What it argues
The 15 Commitments of Conscious Leadership is organized around a single distinction: whether a leader is operating from "above the line" (open, curious, committed to learning) or "below the line" (defensive, closed, committed to being right). Dethmer, Chapman, and Klemp — all coaches who work with senior executives — argue that most organizational dysfunction traces back to leaders who are stuck below the line, and that the shift upward requires radical honesty, personal accountability, and a willingness to look at things most leaders prefer to avoid.

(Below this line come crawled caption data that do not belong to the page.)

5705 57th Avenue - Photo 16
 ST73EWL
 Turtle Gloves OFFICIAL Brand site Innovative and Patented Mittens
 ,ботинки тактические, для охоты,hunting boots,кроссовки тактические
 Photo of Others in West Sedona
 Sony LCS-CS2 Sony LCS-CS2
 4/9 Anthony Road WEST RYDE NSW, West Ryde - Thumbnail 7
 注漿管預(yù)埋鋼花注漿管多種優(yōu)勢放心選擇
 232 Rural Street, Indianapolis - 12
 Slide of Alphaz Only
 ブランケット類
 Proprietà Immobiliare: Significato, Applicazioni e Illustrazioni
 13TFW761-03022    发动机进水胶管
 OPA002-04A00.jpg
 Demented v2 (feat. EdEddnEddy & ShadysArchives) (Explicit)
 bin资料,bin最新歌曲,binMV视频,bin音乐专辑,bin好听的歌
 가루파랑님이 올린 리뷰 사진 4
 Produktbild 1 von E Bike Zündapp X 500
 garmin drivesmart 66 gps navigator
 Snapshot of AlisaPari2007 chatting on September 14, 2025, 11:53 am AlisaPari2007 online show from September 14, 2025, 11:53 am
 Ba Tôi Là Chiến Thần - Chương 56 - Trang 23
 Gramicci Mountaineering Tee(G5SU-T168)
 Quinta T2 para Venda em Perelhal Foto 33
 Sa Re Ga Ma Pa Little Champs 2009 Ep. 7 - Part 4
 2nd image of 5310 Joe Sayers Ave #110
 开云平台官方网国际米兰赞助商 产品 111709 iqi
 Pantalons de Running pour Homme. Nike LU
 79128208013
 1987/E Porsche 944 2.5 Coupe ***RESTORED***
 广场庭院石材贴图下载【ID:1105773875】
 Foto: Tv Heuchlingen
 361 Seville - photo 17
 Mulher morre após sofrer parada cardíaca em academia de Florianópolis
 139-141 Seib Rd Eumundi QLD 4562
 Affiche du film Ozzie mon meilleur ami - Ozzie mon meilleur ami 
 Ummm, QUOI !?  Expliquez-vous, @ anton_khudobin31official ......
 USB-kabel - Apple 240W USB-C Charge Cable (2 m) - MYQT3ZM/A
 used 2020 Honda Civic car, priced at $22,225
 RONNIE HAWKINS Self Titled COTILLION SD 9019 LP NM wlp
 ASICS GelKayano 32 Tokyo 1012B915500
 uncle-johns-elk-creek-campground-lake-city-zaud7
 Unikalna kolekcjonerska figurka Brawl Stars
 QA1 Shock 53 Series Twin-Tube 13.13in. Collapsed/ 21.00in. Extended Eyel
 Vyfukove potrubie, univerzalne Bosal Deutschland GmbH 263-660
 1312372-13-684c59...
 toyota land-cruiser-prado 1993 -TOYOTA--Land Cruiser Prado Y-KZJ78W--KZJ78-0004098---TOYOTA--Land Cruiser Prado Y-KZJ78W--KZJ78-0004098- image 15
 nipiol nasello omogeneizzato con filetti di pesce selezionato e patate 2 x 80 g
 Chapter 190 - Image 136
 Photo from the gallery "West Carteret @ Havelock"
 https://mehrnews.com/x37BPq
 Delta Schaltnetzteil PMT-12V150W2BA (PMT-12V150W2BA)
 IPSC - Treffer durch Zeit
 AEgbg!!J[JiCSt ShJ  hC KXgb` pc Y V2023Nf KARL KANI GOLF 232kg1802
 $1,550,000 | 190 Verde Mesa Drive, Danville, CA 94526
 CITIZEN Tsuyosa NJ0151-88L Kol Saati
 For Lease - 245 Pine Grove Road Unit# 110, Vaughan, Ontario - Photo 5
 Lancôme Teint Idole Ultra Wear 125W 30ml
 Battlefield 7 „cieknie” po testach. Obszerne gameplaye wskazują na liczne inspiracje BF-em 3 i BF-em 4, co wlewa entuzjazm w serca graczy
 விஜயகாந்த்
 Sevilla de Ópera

The fifteen commitments range from the foundational (taking full responsibility, no longer blaming or complaining) to the more unconventional (speaking your truth, creating a safe space for candor, eliminating gossip entirely). Each chapter presents a commitment as a spectrum: the "to me" victim stance at one end and the "by me" conscious stance at the other. The authors are explicit that the point isn't moral self-improvement but effectiveness — leaders below the line drain energy, create fear, and produce the exact problems they're trying to solve.
What it gets right
- 1.
The above-the-line/below-the-line distinction is the book's core: conscious leaders remain open and curious, while unconscious leaders close down and defend. Most people spend most of their time below the line.
- 2.
Radical personal responsibility means taking ownership of everything that happens in your life and organization, not as self-blame, but as the recognition that how you respond is always yours.
- 3.
Gossip is defined as any communication about another person that you wouldn't make directly to them. Eliminating it changes organizational culture faster than most other interventions.
What it covers
Who wrote it
Jim Dethmer, Diana Chapman, and Kaley Klemp are executive coaches who founded The Conscious Leadership Group, which works with CEOs and senior leadership teams. Dethmer previously served as a teaching pastor at Willow Creek Community Church. Chapman is a long-time coach and facilitator to Fortune 500 executives. Klemp is a leadership coach and author of The Drama-Free Office. Together they developed the framework presented in this book over more than a decade of direct coaching work with organizational leaders.